From the line containing "Little Egret at" to the end of the records, print every line exactly, both ends included, and leave out the pictures.

→ EXTRACTED MATERIAL
__________________________________________________

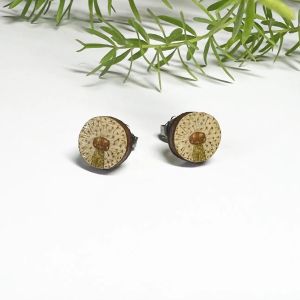 Ørestikker Mælkebøttefrø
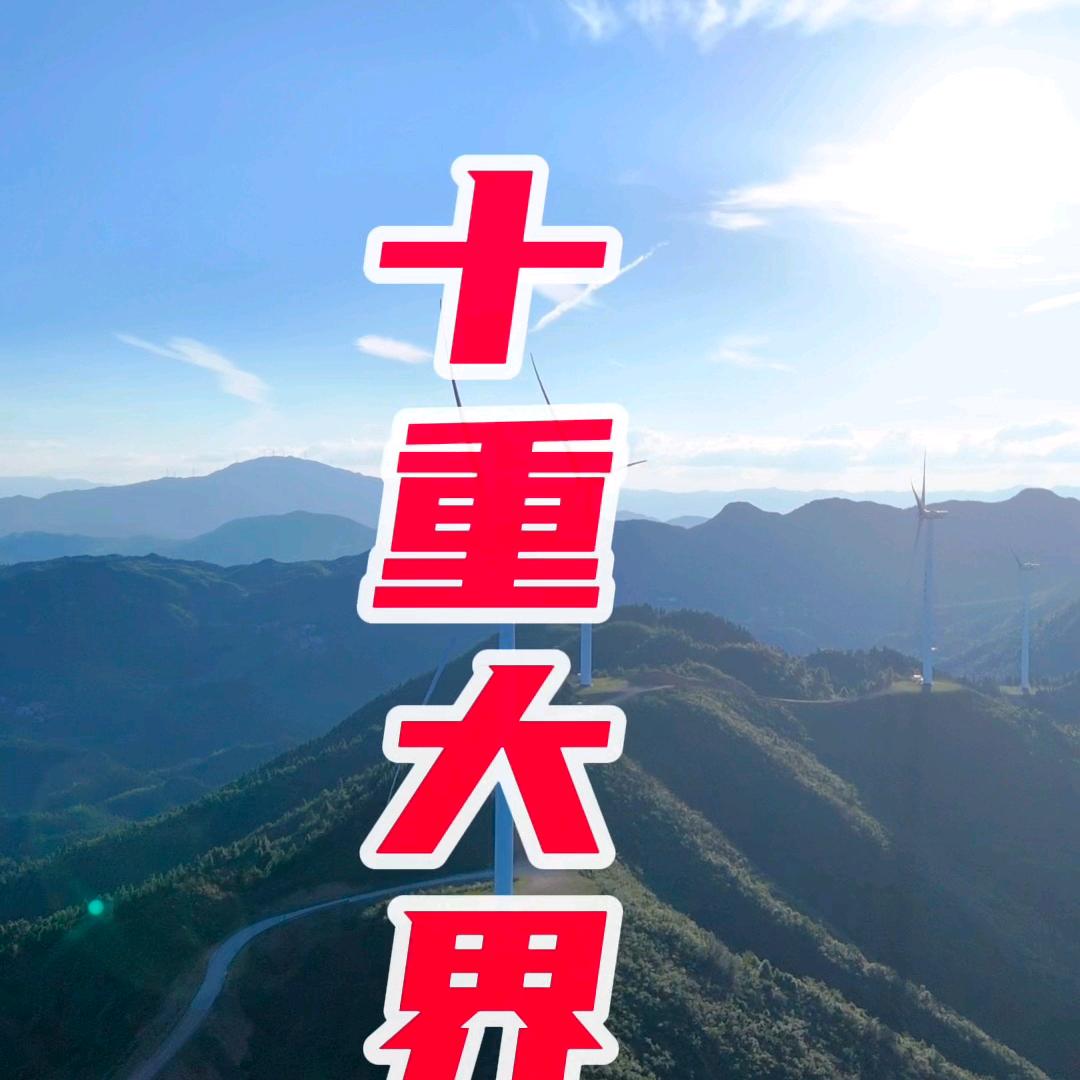 博枫清影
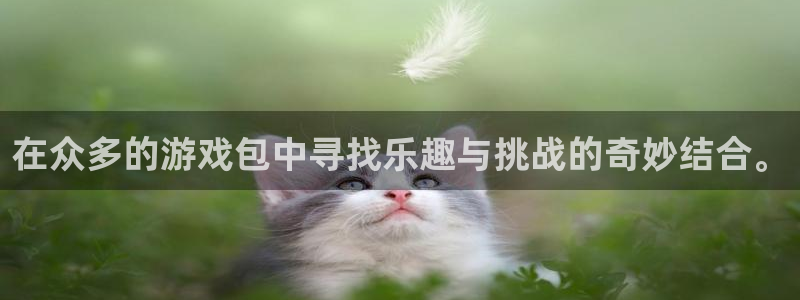杏运娱乐注册账号入口在哪里：在众多的游戏包中寻找乐趣与挑战的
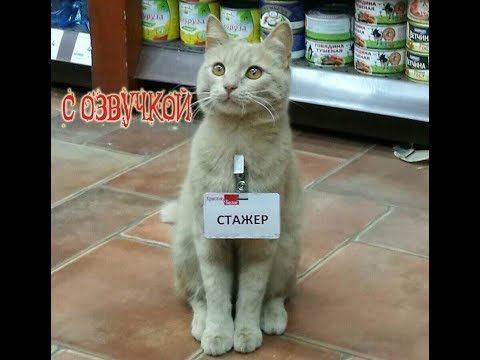 Видео: Приколы про котов с ОЗВУЧКОЙ - СМЕШНЫЕ коты и кошки 2018 – от Domi Show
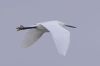 Little Egret at Lower Raypits (Vince Kinsler) (15420 bytes)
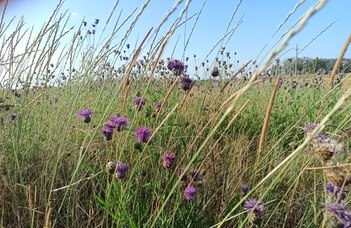 Terepgyakorlat a Duna–Tisza közi homokhátságon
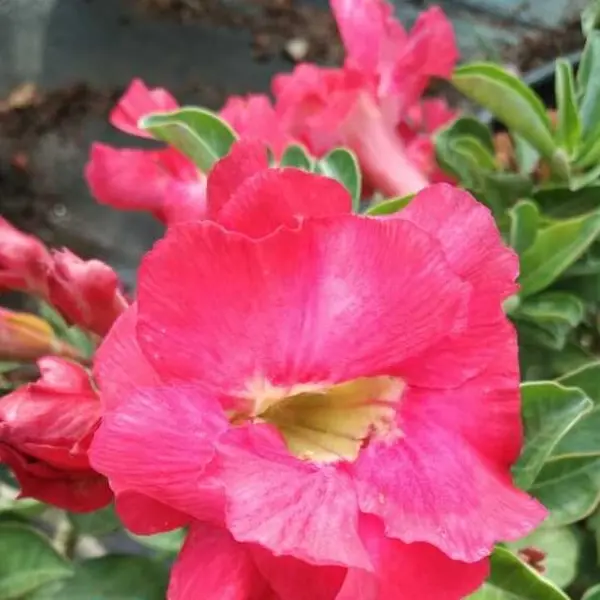 Adenium Plant - 22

__________________________________________________

→ OUTPUT
 Little Egret at Lower Raypits (Vince Kinsler) (15420 bytes)
 Terepgyakorlat a Duna–Tisza közi homokhátságon
 Adenium Plant - 22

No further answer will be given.